Only the lines from the line containing "Auburn Tigers House" through the final line of the entries should be printed, exactly as given, with the pictures left out.

__Supplied data__:
>>
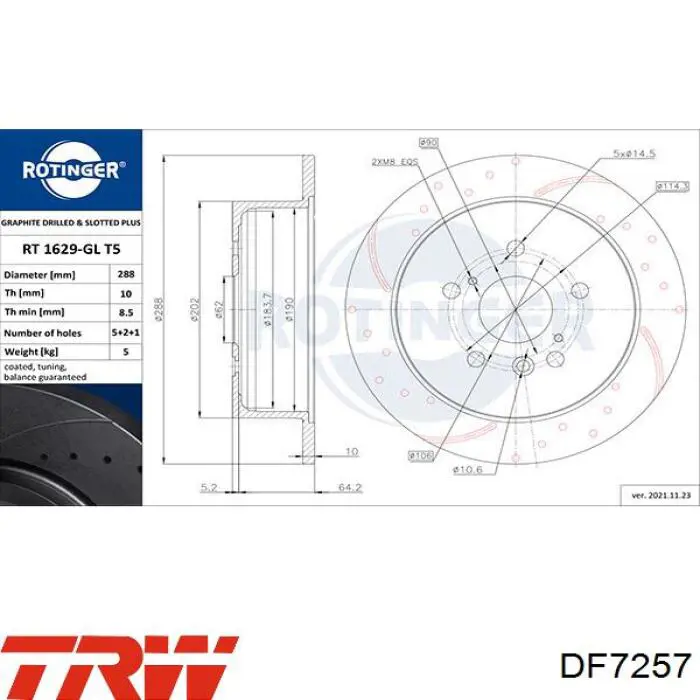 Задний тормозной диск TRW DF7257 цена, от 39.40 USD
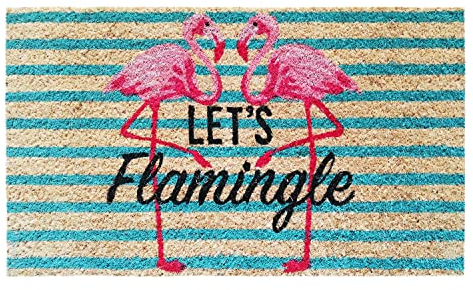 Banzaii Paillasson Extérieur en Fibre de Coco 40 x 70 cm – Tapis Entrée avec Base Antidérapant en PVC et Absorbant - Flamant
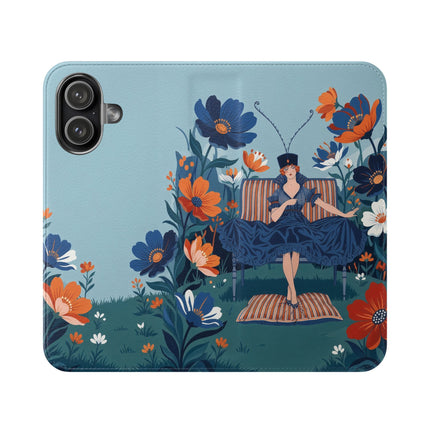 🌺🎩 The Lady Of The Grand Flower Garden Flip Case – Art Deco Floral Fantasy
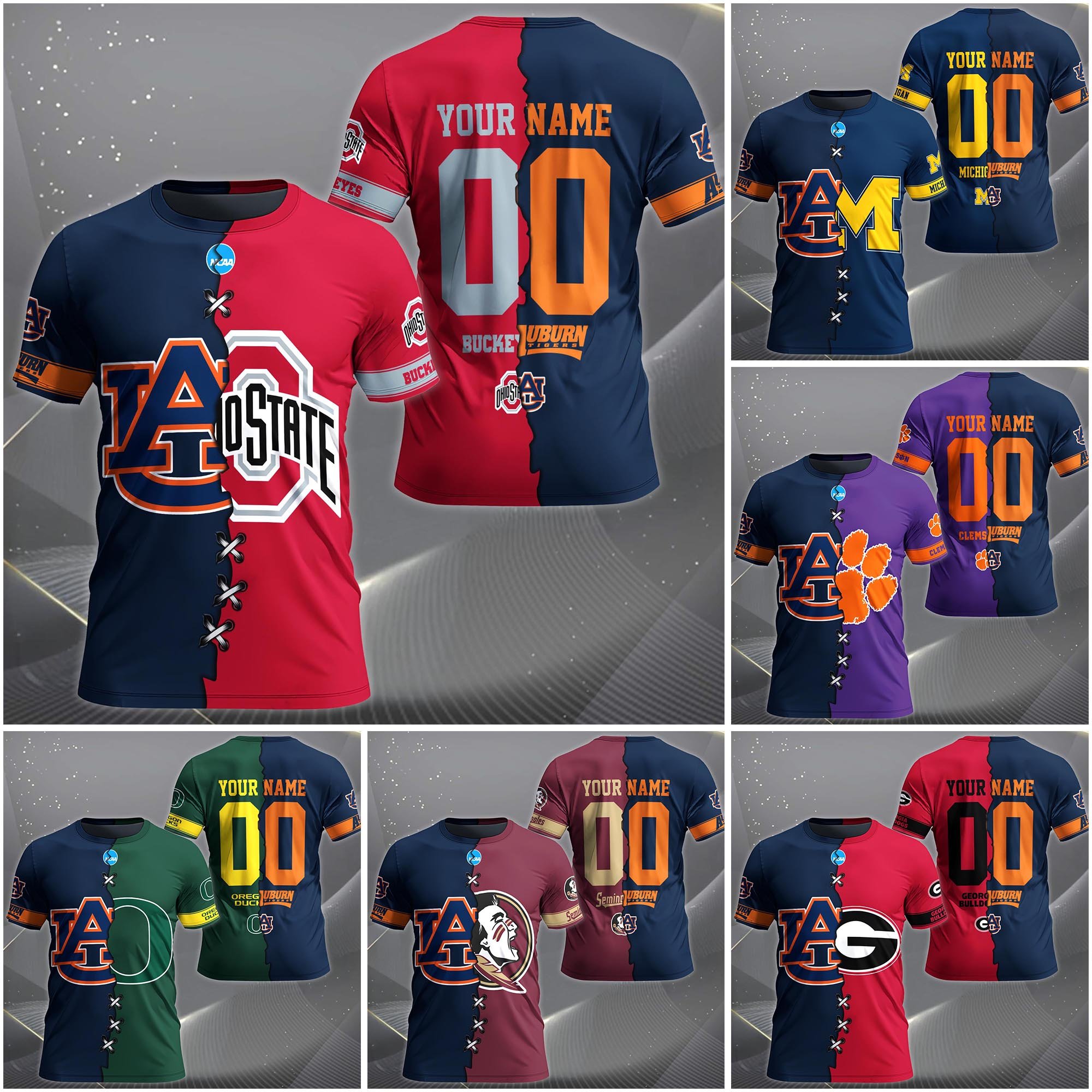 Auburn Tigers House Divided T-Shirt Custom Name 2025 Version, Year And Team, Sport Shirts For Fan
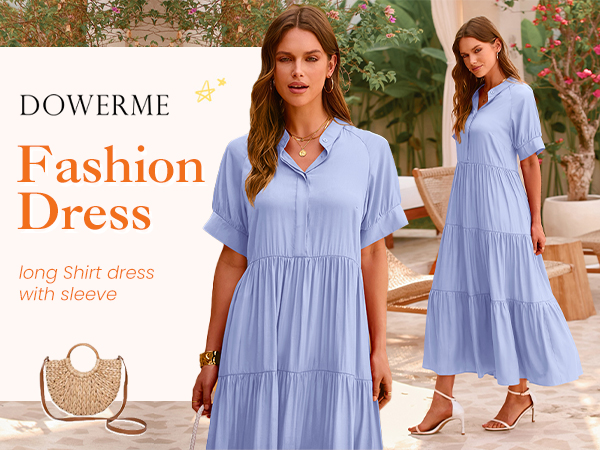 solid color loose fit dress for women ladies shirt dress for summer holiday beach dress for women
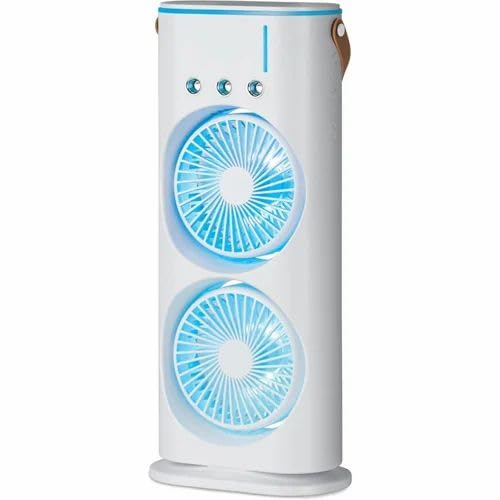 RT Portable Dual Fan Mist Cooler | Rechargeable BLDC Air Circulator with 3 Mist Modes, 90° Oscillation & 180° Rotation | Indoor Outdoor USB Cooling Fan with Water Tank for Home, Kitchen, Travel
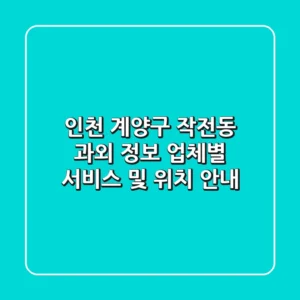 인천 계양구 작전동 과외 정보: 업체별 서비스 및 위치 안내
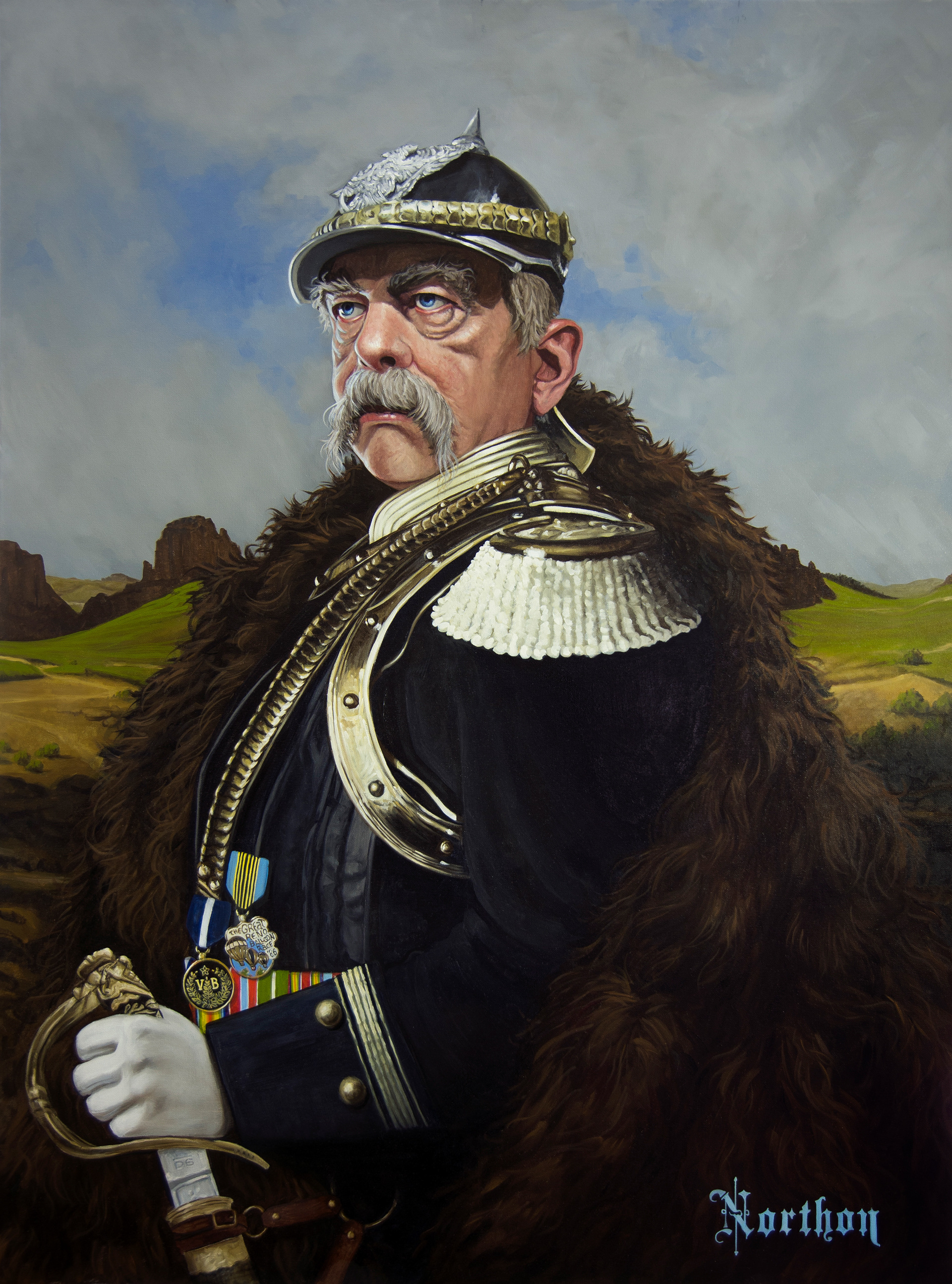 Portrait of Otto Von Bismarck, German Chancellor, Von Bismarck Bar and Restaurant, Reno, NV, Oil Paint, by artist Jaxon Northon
<<
__Exercise answer__:
 Auburn Tigers House Divided T-Shirt Custom Name 2025 Version, Year And Team, Sport Shirts For Fan
 solid color loose fit dress for women ladies shirt dress for summer holiday beach dress for women
 RT Portable Dual Fan Mist Cooler | Rechargeable BLDC Air Circulator with 3 Mist Modes, 90° Oscillation & 180° Rotation | Indoor Outdoor USB Cooling Fan with Water Tank for Home, Kitchen, Travel
 인천 계양구 작전동 과외 정보: 업체별 서비스 및 위치 안내
 Portrait of Otto Von Bismarck, German Chancellor, Von Bismarck Bar and Restaurant, Reno, NV, Oil Paint, by artist Jaxon Northon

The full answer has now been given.